Task: The word "Size" marks the lines to keep; find each one in the data and copy it.

[Opening Data for this exercise section]

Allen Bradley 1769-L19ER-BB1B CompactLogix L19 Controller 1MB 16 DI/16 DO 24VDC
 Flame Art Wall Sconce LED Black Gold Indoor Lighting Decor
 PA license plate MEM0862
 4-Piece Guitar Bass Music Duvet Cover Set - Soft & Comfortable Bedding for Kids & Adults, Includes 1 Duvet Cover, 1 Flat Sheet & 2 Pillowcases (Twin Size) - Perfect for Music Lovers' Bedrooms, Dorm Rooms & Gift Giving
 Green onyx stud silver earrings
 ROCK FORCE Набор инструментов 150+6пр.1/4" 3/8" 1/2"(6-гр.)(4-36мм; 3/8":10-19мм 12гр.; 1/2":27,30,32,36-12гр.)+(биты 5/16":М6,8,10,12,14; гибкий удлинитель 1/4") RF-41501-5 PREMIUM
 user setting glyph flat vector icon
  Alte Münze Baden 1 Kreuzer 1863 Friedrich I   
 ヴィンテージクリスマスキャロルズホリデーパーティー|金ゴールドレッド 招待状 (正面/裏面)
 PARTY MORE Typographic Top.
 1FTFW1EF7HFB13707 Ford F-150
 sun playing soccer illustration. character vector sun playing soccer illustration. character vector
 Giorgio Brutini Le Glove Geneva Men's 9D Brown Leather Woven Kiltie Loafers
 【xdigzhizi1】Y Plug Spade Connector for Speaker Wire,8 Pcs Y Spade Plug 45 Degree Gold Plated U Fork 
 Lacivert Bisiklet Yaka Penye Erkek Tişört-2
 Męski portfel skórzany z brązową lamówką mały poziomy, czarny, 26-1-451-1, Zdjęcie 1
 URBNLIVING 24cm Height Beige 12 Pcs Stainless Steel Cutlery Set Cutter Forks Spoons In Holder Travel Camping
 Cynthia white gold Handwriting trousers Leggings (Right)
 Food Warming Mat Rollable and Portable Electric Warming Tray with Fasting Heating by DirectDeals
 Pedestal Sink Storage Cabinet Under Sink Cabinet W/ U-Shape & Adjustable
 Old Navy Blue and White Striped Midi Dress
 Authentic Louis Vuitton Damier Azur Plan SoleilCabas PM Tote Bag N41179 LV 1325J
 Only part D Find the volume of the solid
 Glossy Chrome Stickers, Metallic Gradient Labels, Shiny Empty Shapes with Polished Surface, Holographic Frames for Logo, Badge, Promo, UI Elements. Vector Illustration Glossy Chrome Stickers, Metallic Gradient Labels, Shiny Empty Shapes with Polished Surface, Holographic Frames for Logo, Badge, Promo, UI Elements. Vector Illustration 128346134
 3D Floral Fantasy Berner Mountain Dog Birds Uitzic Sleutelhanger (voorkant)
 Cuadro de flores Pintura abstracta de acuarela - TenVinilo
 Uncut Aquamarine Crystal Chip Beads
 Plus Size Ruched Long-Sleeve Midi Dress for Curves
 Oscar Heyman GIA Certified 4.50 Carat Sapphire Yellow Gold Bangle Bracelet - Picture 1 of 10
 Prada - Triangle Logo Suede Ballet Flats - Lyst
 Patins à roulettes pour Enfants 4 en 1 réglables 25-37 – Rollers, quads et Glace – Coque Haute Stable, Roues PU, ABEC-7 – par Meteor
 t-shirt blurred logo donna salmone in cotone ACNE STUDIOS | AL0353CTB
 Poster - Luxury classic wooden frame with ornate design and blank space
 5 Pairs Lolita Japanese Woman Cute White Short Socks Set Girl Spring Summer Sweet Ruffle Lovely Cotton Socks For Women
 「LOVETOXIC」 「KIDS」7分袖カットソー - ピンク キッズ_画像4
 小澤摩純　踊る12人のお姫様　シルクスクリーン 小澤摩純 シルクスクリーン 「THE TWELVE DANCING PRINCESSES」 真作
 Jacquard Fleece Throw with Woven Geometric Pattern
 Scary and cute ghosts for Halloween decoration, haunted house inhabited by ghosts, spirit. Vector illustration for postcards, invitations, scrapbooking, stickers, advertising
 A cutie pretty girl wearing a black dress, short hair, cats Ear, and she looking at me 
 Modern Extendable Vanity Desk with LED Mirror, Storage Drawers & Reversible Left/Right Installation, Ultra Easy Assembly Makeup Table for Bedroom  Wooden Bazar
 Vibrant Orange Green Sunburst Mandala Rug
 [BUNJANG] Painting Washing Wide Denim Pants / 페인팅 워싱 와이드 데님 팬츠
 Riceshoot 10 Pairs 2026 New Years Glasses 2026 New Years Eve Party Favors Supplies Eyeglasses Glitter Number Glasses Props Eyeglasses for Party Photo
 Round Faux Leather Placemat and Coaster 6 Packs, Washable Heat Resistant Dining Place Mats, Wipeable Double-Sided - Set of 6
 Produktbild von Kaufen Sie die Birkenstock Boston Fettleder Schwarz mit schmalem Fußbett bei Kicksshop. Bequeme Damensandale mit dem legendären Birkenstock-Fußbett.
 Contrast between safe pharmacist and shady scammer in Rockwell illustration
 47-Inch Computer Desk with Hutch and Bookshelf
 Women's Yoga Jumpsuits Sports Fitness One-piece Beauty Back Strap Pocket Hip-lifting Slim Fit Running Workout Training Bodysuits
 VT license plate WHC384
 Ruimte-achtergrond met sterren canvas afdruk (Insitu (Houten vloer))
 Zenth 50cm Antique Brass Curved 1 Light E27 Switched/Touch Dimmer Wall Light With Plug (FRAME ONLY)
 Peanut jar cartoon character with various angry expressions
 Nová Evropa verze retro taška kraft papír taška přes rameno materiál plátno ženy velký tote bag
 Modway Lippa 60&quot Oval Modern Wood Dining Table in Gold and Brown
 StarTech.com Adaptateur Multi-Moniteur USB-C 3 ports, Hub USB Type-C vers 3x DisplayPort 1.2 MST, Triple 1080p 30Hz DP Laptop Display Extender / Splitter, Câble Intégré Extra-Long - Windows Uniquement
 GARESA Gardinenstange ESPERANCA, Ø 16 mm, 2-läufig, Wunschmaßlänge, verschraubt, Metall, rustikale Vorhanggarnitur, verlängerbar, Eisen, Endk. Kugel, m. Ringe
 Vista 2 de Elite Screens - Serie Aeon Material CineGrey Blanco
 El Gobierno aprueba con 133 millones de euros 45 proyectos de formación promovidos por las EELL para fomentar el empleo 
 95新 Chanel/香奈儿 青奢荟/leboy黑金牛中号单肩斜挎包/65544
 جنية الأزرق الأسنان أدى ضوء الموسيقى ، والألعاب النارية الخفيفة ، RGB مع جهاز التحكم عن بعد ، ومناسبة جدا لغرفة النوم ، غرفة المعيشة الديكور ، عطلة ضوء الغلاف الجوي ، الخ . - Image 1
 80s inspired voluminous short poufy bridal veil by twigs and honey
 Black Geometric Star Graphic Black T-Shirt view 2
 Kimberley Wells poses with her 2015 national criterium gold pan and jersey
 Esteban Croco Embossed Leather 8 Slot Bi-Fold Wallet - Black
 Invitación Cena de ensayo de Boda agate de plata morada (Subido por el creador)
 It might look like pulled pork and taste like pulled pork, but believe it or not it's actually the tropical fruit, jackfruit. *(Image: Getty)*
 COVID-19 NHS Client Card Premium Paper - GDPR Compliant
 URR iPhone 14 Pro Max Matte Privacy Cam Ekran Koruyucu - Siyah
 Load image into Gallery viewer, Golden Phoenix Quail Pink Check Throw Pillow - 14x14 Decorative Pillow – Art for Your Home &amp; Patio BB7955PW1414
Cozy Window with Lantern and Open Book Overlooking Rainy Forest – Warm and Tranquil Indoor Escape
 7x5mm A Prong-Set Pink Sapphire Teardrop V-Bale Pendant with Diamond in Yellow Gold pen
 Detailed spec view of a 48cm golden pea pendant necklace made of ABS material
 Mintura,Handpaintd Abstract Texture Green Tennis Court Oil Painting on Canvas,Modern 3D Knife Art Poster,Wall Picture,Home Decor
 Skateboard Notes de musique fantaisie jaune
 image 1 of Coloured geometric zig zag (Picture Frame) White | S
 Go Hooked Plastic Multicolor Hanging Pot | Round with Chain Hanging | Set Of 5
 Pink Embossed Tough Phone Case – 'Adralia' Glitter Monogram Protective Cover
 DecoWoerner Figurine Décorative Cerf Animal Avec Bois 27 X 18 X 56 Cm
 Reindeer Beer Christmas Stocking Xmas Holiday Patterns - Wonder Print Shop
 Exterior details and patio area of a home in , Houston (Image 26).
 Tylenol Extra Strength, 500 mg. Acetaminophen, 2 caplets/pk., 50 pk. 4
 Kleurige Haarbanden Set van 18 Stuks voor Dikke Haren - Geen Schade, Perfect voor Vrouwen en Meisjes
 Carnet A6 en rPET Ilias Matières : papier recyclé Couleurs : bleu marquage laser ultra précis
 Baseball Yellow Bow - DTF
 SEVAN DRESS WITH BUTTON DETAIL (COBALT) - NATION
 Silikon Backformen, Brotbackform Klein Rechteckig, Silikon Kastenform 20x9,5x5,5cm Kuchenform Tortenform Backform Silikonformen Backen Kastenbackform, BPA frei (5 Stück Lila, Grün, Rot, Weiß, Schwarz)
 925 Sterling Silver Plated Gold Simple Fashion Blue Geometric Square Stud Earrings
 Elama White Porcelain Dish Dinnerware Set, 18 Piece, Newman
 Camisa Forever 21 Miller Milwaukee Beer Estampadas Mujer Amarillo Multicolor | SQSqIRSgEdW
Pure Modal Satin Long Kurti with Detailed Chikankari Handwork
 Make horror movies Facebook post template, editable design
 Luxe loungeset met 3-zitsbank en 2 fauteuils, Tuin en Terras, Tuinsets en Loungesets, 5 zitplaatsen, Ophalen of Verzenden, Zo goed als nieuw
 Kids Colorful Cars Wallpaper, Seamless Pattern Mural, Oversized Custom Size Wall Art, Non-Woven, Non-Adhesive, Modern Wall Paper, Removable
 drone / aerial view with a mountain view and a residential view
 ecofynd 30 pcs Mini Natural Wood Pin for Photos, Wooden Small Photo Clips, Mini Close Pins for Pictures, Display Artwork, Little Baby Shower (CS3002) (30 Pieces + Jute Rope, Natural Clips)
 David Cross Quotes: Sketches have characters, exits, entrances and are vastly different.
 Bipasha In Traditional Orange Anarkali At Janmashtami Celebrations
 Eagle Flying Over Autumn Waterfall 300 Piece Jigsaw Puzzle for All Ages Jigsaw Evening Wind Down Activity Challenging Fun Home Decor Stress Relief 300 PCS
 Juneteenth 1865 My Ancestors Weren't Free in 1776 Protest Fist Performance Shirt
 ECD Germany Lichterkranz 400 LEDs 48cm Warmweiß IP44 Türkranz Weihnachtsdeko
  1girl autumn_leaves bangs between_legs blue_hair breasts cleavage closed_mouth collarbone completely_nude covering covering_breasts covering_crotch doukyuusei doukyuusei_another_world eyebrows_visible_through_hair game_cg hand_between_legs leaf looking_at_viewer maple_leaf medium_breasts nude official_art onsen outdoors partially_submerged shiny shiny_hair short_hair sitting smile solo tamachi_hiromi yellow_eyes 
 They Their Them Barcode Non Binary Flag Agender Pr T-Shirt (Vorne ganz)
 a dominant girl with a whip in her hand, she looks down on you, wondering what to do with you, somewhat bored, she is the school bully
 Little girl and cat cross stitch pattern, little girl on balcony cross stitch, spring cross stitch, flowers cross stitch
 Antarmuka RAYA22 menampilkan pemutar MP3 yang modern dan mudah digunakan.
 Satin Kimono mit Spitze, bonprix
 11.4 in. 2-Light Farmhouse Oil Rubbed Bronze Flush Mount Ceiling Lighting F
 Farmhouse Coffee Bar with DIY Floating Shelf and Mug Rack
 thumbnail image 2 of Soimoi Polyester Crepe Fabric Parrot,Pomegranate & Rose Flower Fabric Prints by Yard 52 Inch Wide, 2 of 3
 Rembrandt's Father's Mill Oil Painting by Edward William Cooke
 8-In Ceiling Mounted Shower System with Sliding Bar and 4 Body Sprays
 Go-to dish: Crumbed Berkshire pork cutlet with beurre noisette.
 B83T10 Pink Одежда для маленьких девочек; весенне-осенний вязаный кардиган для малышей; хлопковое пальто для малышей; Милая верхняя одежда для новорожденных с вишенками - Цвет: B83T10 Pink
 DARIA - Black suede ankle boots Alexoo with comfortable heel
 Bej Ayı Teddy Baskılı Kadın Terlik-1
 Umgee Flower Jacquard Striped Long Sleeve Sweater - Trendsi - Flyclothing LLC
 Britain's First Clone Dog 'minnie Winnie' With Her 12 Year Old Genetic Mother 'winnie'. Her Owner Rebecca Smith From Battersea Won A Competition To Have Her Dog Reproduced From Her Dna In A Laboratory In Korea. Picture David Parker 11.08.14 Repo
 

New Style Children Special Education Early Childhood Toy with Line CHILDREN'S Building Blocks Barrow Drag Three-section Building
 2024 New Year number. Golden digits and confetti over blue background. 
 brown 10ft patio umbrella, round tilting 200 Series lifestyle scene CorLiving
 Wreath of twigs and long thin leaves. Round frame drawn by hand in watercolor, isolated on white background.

[Closing Data for this exercise section]

Result for this exercise:
 4-Piece Guitar Bass Music Duvet Cover Set - Soft & Comfortable Bedding for Kids & Adults, Includes 1 Duvet Cover, 1 Flat Sheet & 2 Pillowcases (Twin Size) - Perfect for Music Lovers' Bedrooms, Dorm Rooms & Gift Giving
 Plus Size Ruched Long-Sleeve Midi Dress for Curves
 Kids Colorful Cars Wallpaper, Seamless Pattern Mural, Oversized Custom Size Wall Art, Non-Woven, Non-Adhesive, Modern Wall Paper, Removable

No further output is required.